The European Union's call for the United Kingdom to act responsively was more of a symbolic statement than an actual threat, since there is little the bloc can legally do to curtail the voting rights of a full member state. Some pro-Brexit hardliners in the Conservative Party have already suggested that London instead defy Brussels' warning and disrupt the EU policy-making process, to use it as leverage in exit negotiations. And while it's within the United Kingdom's power to do so, it's unlikely May's government will try to boycott the European Union at the same time it's trying to reach a trade agreement with it.
What Happens Next
- Withdrawal agreement: In theory, the House of Commons can still approve the withdrawal agreement in the coming weeks and leave the bloc before the EU parliament elections in May, which is Prime Minister Theresa May's preferred option. But delaying Brexit by six months has removed pressure on lawmakers to approve a deal in the immediate term.

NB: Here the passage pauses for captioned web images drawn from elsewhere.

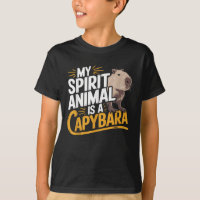 Mon animal totem est un capybara Drôle et mignon a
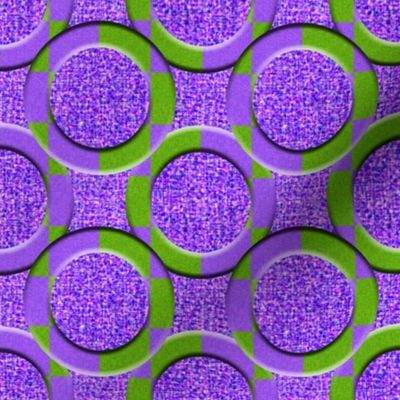 Circles on Pickled Purple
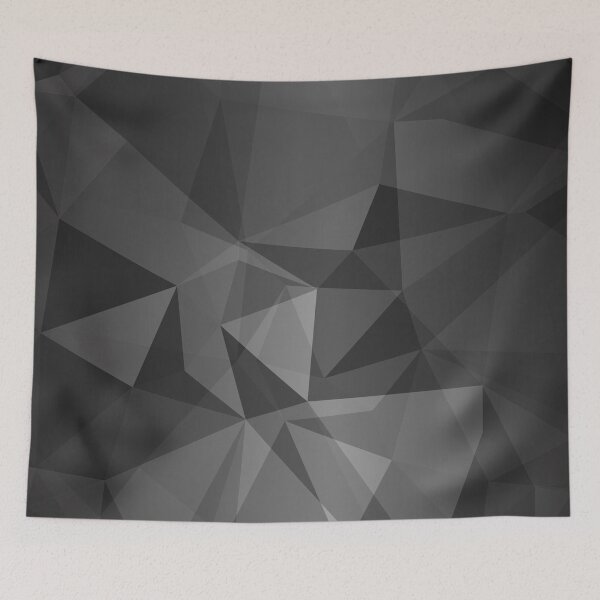 Item preview, Greyscale Polygon Geometric Pattern designed and sold by KammilDesigns.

The same logic applies to the Labour Party, the main opposition party, which recently began negotiating with the Conservatives on a joint Brexit plan. But now that the prospect of a no-deal exit has been postponed, the party may have little interest in throwing a lifeline to May's troubled government.

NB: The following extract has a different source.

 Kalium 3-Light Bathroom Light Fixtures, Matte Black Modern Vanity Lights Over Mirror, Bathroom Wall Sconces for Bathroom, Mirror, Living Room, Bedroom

- EU negotiations: The European Union will reject renegotiating the withdrawal agreement it reached with May's government in November 2018. But it will be open to using this added time to rework the political declaration about its future trade ties with the United Kingdom — especially if London requests a softer Brexit, such as remaining in the EU customs union.
- An early election: An early election in the United Kingdom is still on the cards, considering that the House of Commons remains as divided as ever. And now, London feasibly has enough time to hold an early vote, appoint a new government, and come up with a new Brexit strategy before the Oct. 31 deadline. But this would require May convincing enough lawmakers in her Conservative Party to call for an early election, which will be a tough sell for the many who fear doing so would result in the loss of their seats.
- May's future: The Conservative Party can only challenge its leader once every 12 months, meaning May's rivals within the governing party cannot formally oust her for another eight months (after their failed attempt in December). But in the meantime, May's leadership will remain weak and the pressure for her to resign will continue to increase — especially if local elections and the vote for the EU parliament in the month of May result in a poor performance by the Conservatives. Should Theresa May resign, her party would have to appoint a new leader who would then become Prime Minister — opening the door for her to be replaced by a hardliner who's more likely to push for a no-deal exit.
- A do-over: Six months should also give the United Kingdom enough time to organize another referendum vote. And, of course, London still has the power to unilaterally abort a Brexit altogether. But both of these scenarios will remain unlikely as long as May's government is in place.